What is “the good life”? This is an important question. After all, we all have only one shot at this life, and we want it to be as good, as enjoyable, as meaningful as possible. So what does it mean?

Lots of voices compete to tell us what it is. Advertisers spend billions of dollars to convince us that their product – whether it’s a new gizmo, better home, or faster car – can make our life better. It’s election week, and we are very aware that candidates for public office have been working hard to persuade us that their vision of the good life is right and, even more, their opponent’s is wrong or evil. Movies and social media present an image of life that is beyond belief, leaving us wishing for something more.

To the din of voices, I want to add one more, which I think is the most important. To live the good life, we do well to hear the advice of Micah 6:8:

“He has told you, O mortal, what is good, and what does the Lord require of you but to do justice and to love kindness and to walk humbly with your God?”

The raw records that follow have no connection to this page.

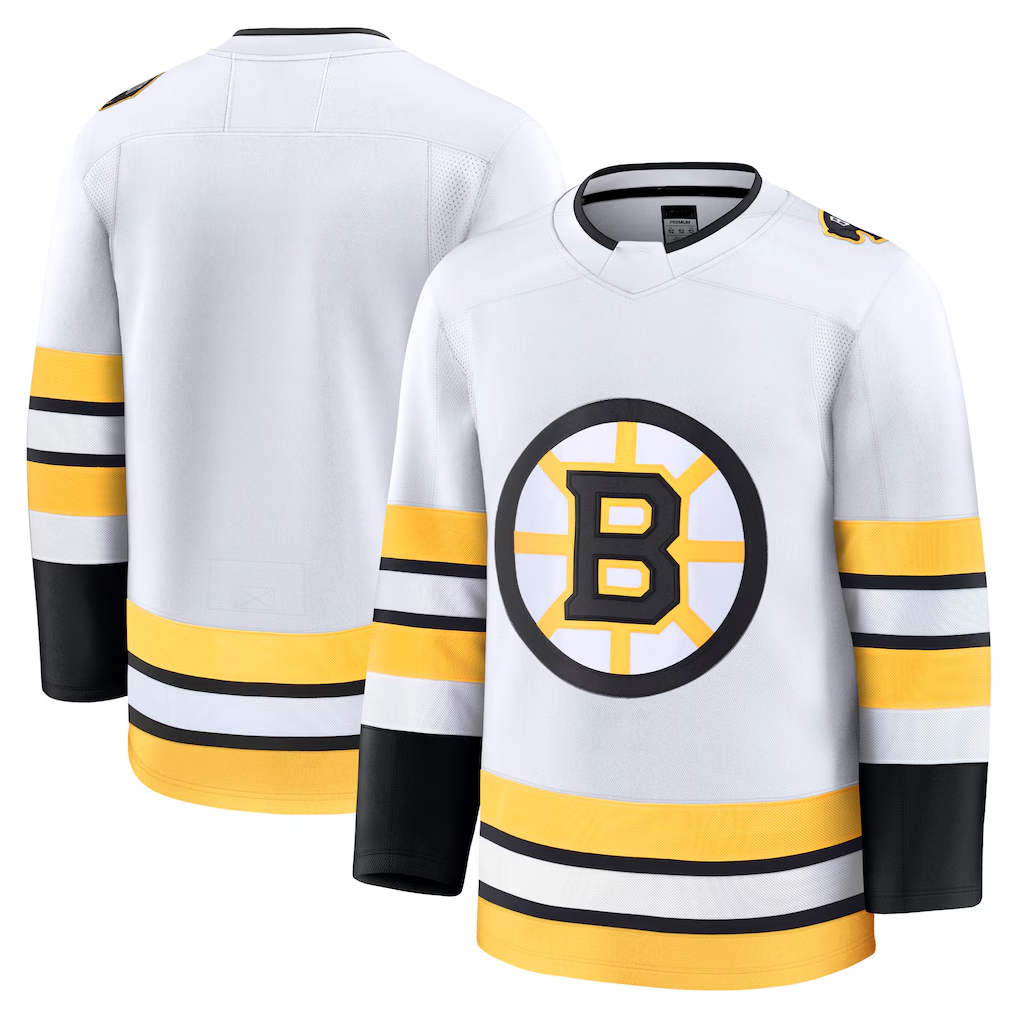 Jamed B.Bruins White Away Premium Stitched Jersey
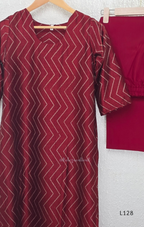 Wine maroon soft silk blend 2-piece kurti set with beige silver chevron line print, short sleeves, V neckline and matching plain bottom.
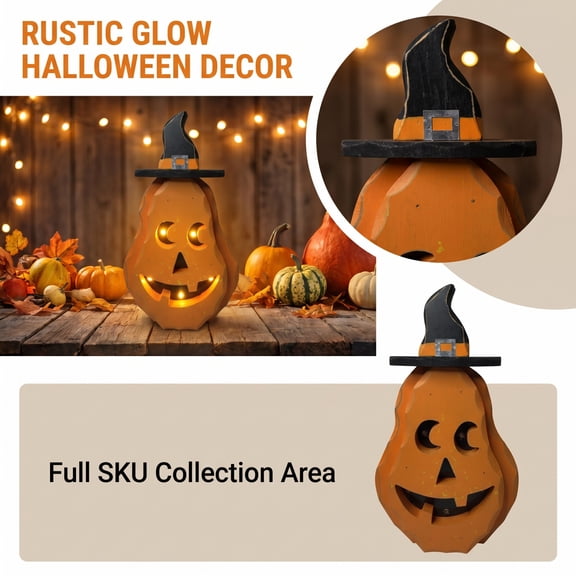 Jack O Lantern Decor, Battery Operated Light Up Pumpkin Witch Tabletop Figure, for Halloween Home Decor Indoor Use, Fall Halloween Decor Holiday Gift, Wood Construction, 8X4 in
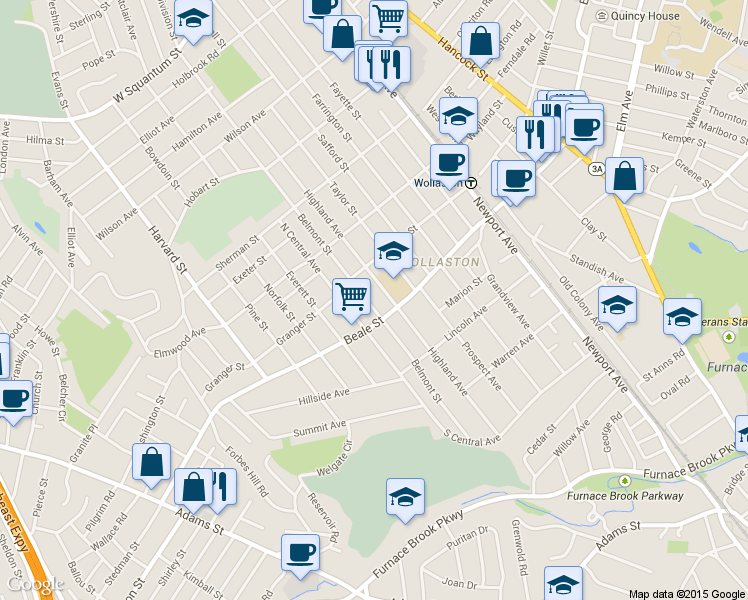 map of restaurants, bars, coffee shops, grocery stores, and more near 269 Belmont Street in Quincy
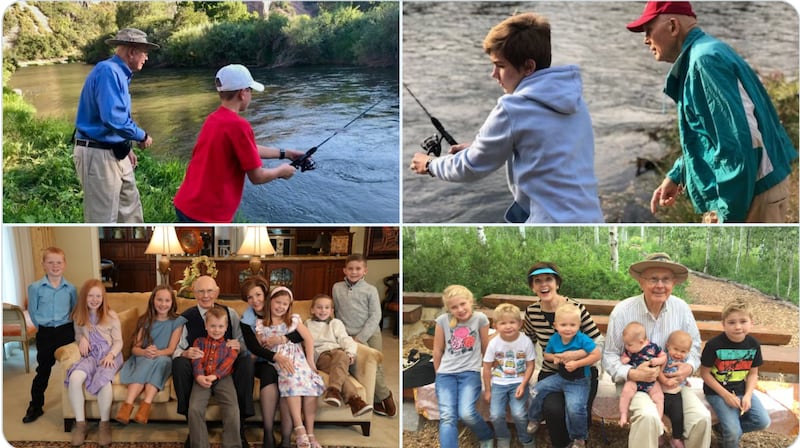 President Dallin H. Oaks spends time with family members in a collage of four pictures.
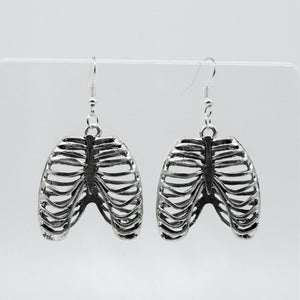 Large Gothic Silver Rib Cage Charm Earrings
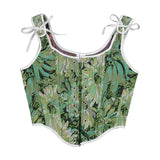 French Strapped Fish Bone Corset Short Vest Bustier Crop Monet Oil Painting Feng Shui Ink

There are around 31,000 verses in the Bible, and they cover everything from the nature of God to the proper ways to worship to how to raise crops and protect livestock. The good news that God loves us and, through his Son, has acted to repair the breech in our relationship with him takes up a lot of those verses, and many other verses help us figure out how to be faithful to God, care for others well, and work out our difficulties with life in the best way possible. Yet there are few verses in Scripture that so efficiently convey the way to live the good life as this one in Micah.

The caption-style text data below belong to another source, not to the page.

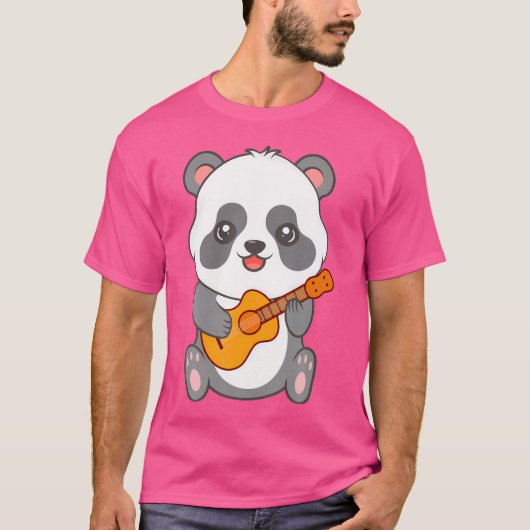 Kawaii Panda spielt akustischen Gitarren-Cartoon T-Shirt (Vorderseite)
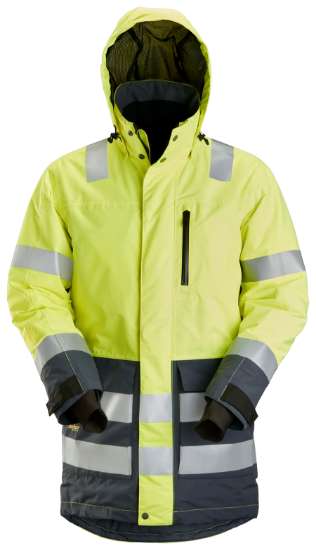 Afbeeldingen van Snickers Allround parka klasse 3 1830-6658, Maat 3XL, high-visibillity geel/staal, grijs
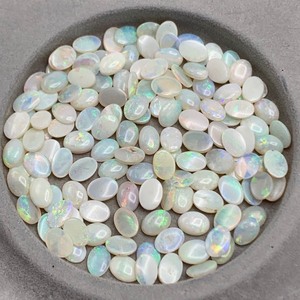 60 Carats of White Opals Oval Cabochon Cut Large Lot of Loose Stones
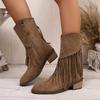 Plus Size Fringe Boots Women's Winter 2025 New Vintage Side Zipper Western Cowboy Boots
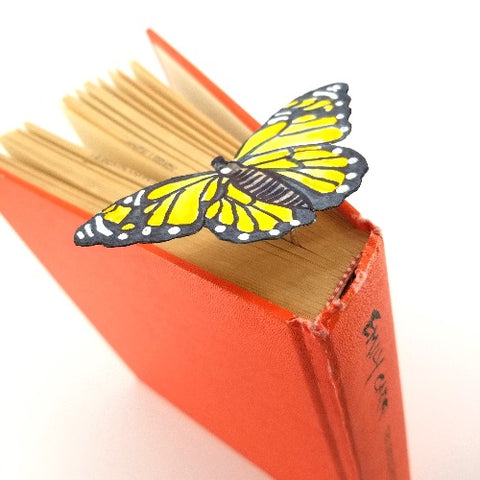 Yellow & Black Paper Butterfly Bookmark
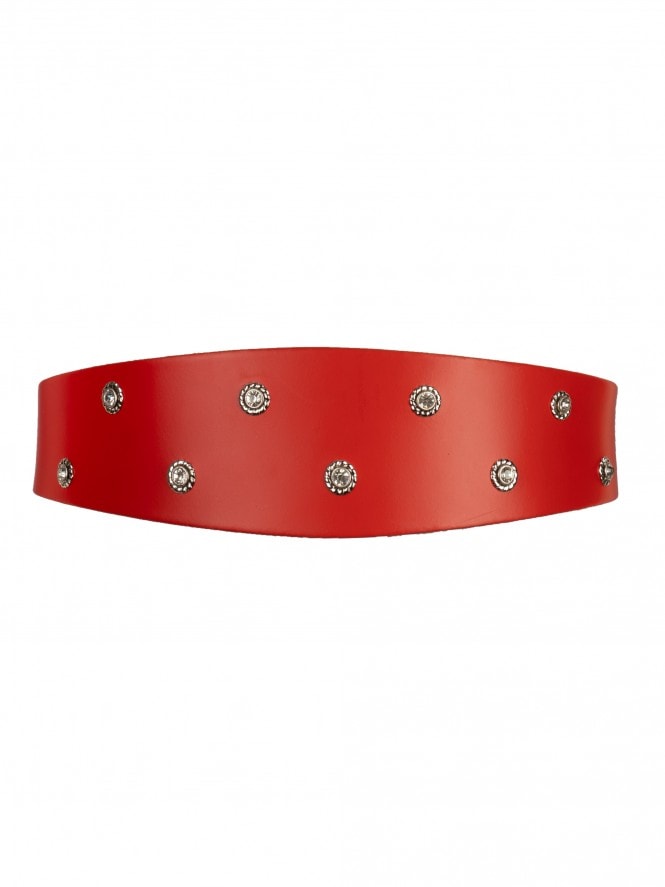 The Wasp Cinch Belt Diamante Rivet Red Leather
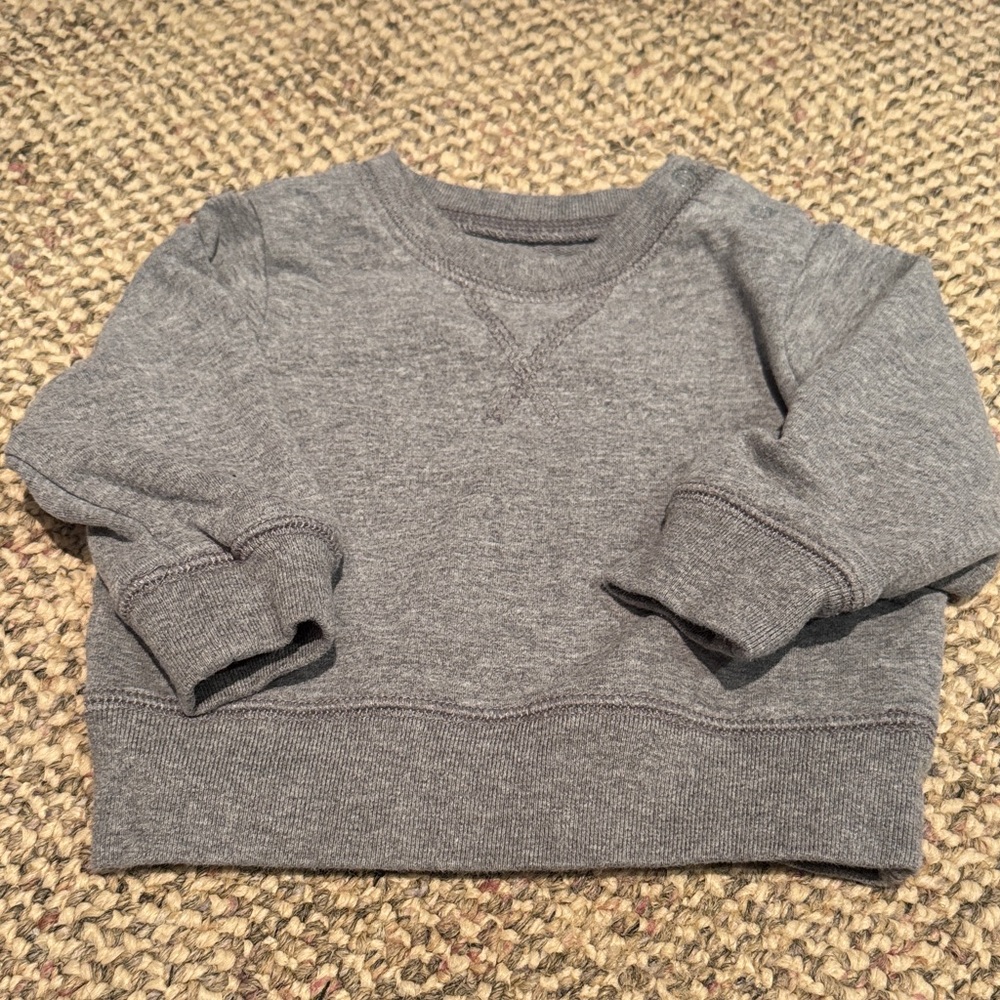 Primary/ Classic Gray Crewneck Sweater for baby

First, it reminds us to do justice, which simply means to live in a way that treats people fairly and equitably and maintains good while rejecting evil.

Second, it encourages us to love kindness, or to act towards God and other people with a sense of seeking their good and offer grace and mercy to the people we encounter.

Third, it instructs us to walk humbly with God. Humility is a virtue that many today deem a vice, but the witness of Scripture tells us that humility – centering God and others in our lives instead of ourselves – is both a trait of God and a trait that God values in us. When we stop being so self-interested, there is space in our lives for us to encounter God and walk through life in connection to God and other people.

When we do these three things, according to the Bible, we are living the good life. Let’s do justice. Let’s love kindness. Let’s walk humbly with our God. Let’s live the good life today.